The new Uber service, to be provided by JUMP, a bike-share startup acquired by Uber in April, will be immediately available soon after the Seattle City Council approves a bike-share permit programme in the city in July, The Seattle Times newspaper said.
The arrival of the Uber-backed JUMP would heighten the competition among the companies that has brought 10,000 bikes, available for low-cost rental, scattered in nearly all corners of the city, reported Xinhua news agency quoting the newspaper.
San Francisco-based Uber is poised to face a strong challenge from three other rivals, Spin, ofo and Lime, which are already operating in Seattle on one-year permits that expire in July.
"We'll make a decision to apply for a permit once we see the regulations... We do hope to launch in Seattle," Uber spokesman Nathan Hambley said.

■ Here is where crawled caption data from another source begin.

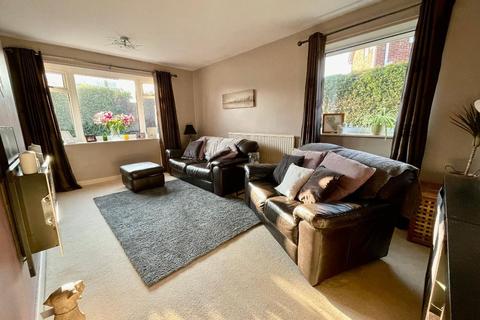 7 Bishops Way, Monk Bretton, Barnsley, S71 2HW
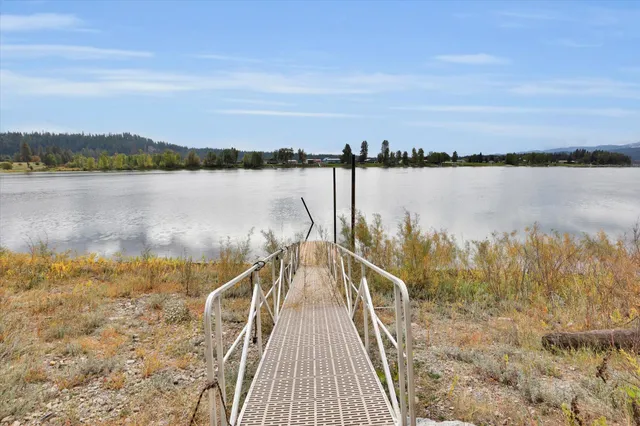 $550,000 | 407992 State Rte 20, Cusick, WA 99119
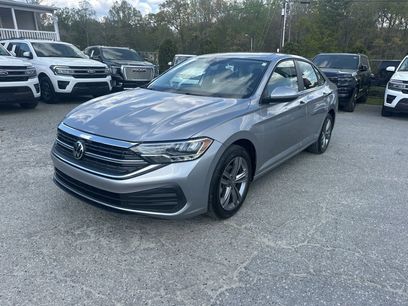 Used 2024 Volkswagen Jetta SE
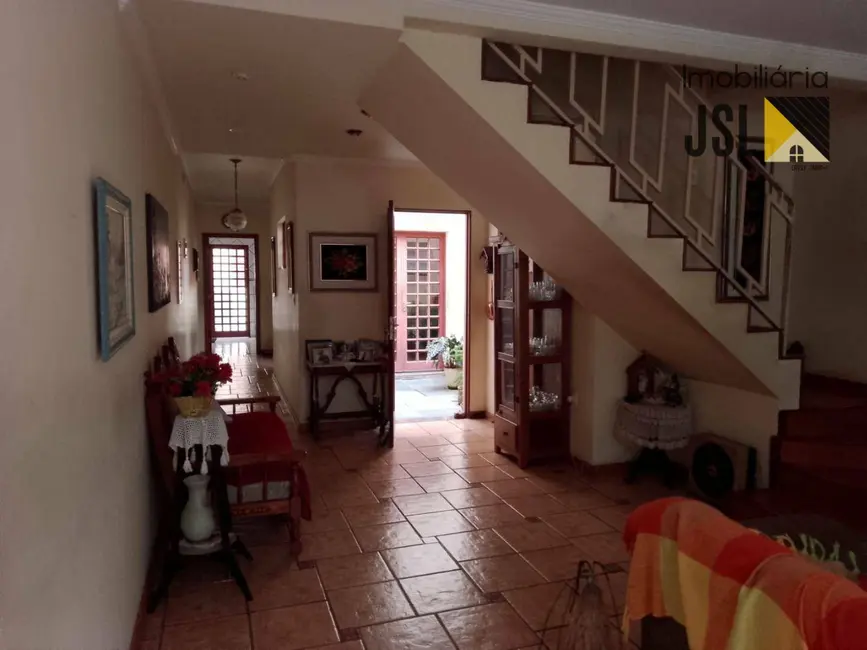 Sobrado com 3 quartos à venda, 150m2 em Vila Resende, Cacapava - SP - imagem 3 Foto 3 de Sobrado com 3 quartos à venda, 150m2 em Vila Resende, Cacapava - SP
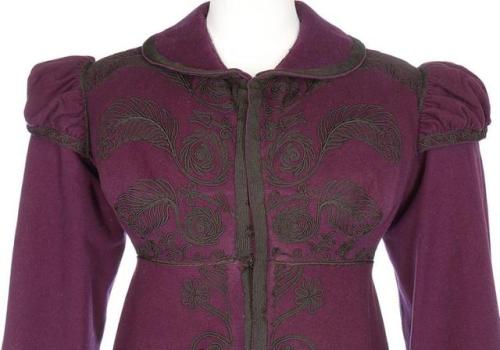 historicaldress: purple wool pelisse robe, 1810-20, with puffed mancherons over long sleeves, raised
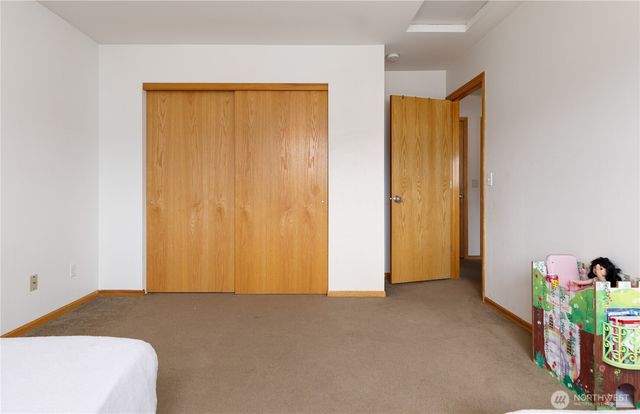 64 SW Festival Court, Oak Harbor, WA 98277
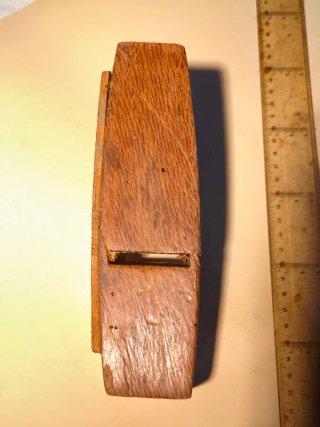 Cepillo carpintero antiguo de madera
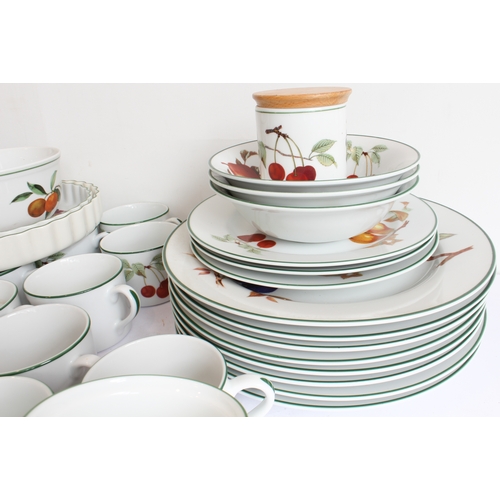 11 - A quantity of Royal Worcester 'Evesham Vale':
 8 x 27 cm and 3 x 20.7 cm plates;
 3 x 16.5 cm bowls;... 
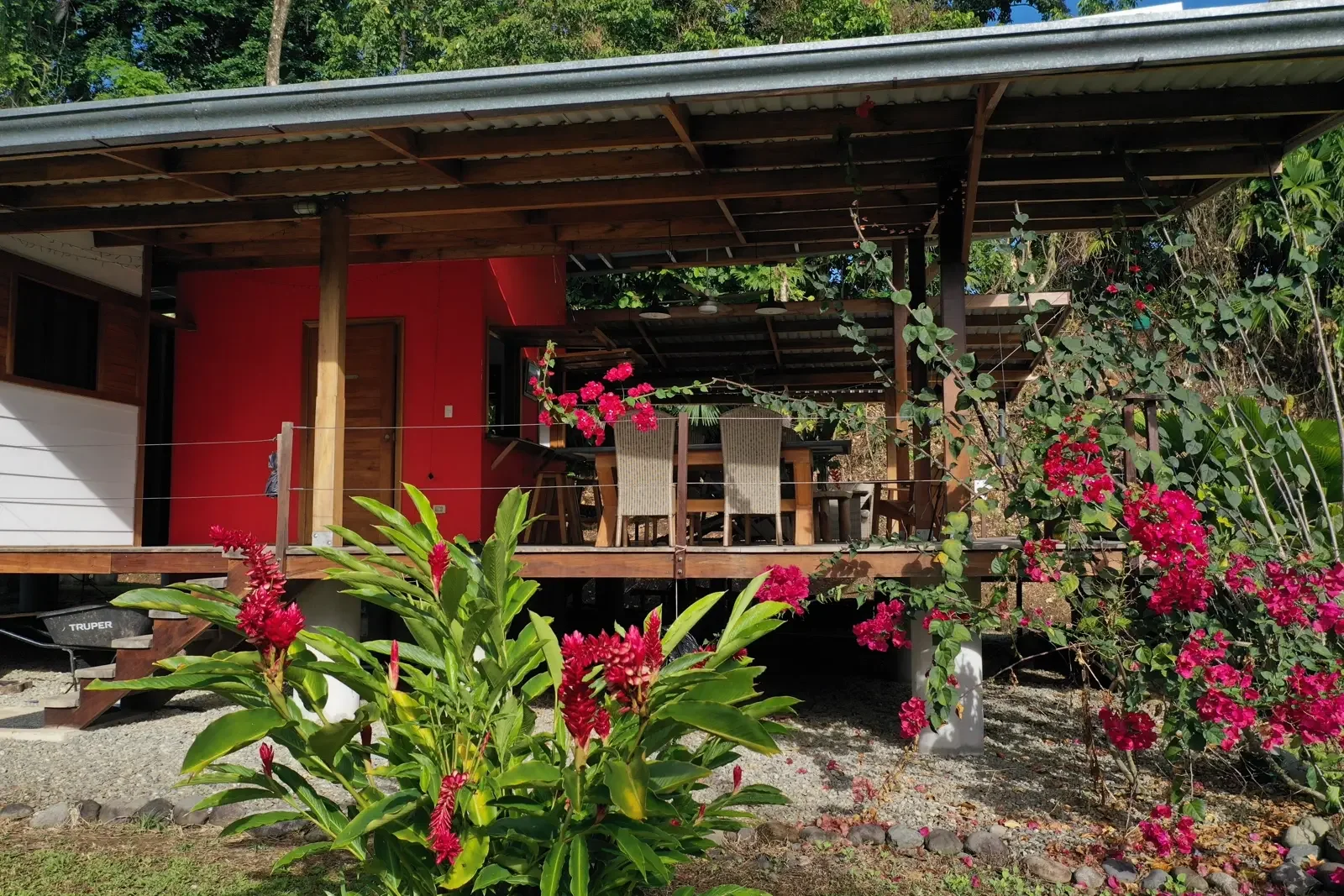 $319,000 - 3 Bd/1 Ba - Ocean View Home Near Cahuita with Expansion Potential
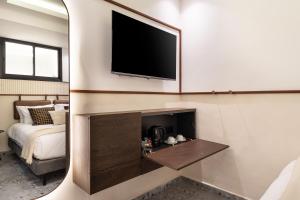 TV a/nebo společenská místnost v ubytování Mulan Hotel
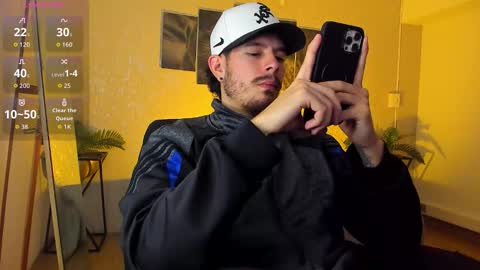 Snapshot of nils_saint chatting on February 15, 4:42 am Nils online show from February 15, 4:42 am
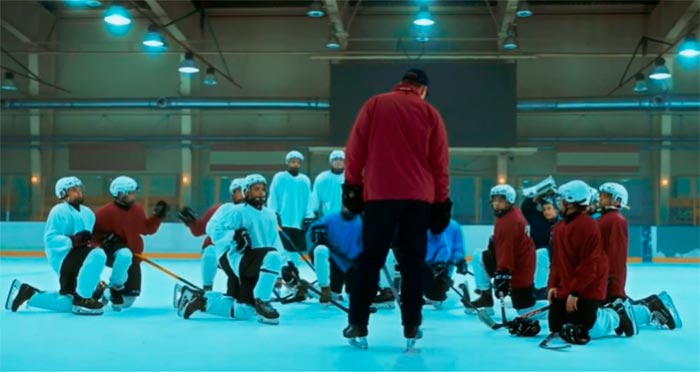 кадр Хоккейные папы 11
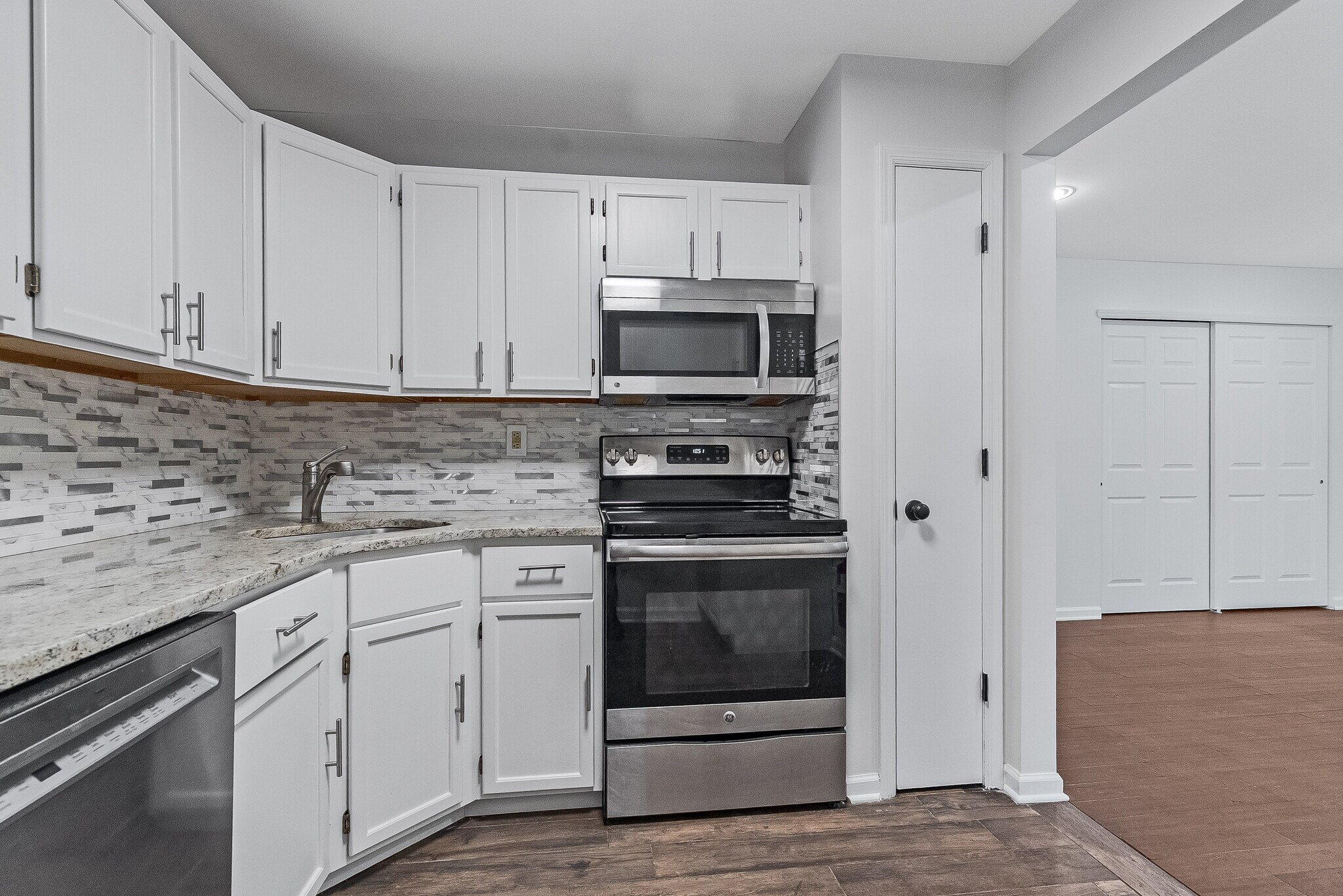 Building Photo - 56 Maple Ln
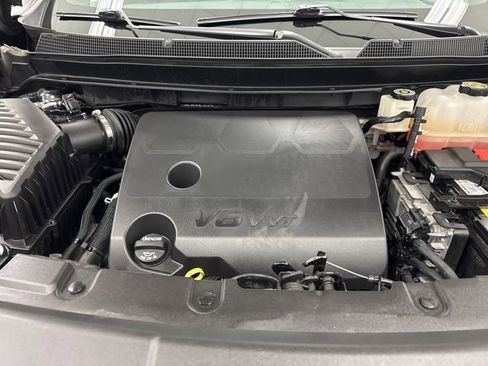 Used 2022 Chevrolet Traverse LT w/ LPO, 'HIT The Road' Package image 40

The Seattle Department of Transportation (SDOT) plans to present a proposal on the permit program to the City Council for approval next month.
The SDOT wants to formulate measures to allow bike-sharing service without seeing bikes parked haphazardly in the city, a phenomenon often complained about by residents.
SDOT spokeswoman Mafara Hobson said the city's forthcoming regulations will try to address that issue by adopting a strong proactive approach to manage bike-share parking, "ensuring that the companies keep sidewalks, curb ramps and transit access clear."
Uber's e-bikes are electric assisted, which still need to pedal, but an electric motor (with a maximum speed of 32 km per hour) will help, especially riding uphill.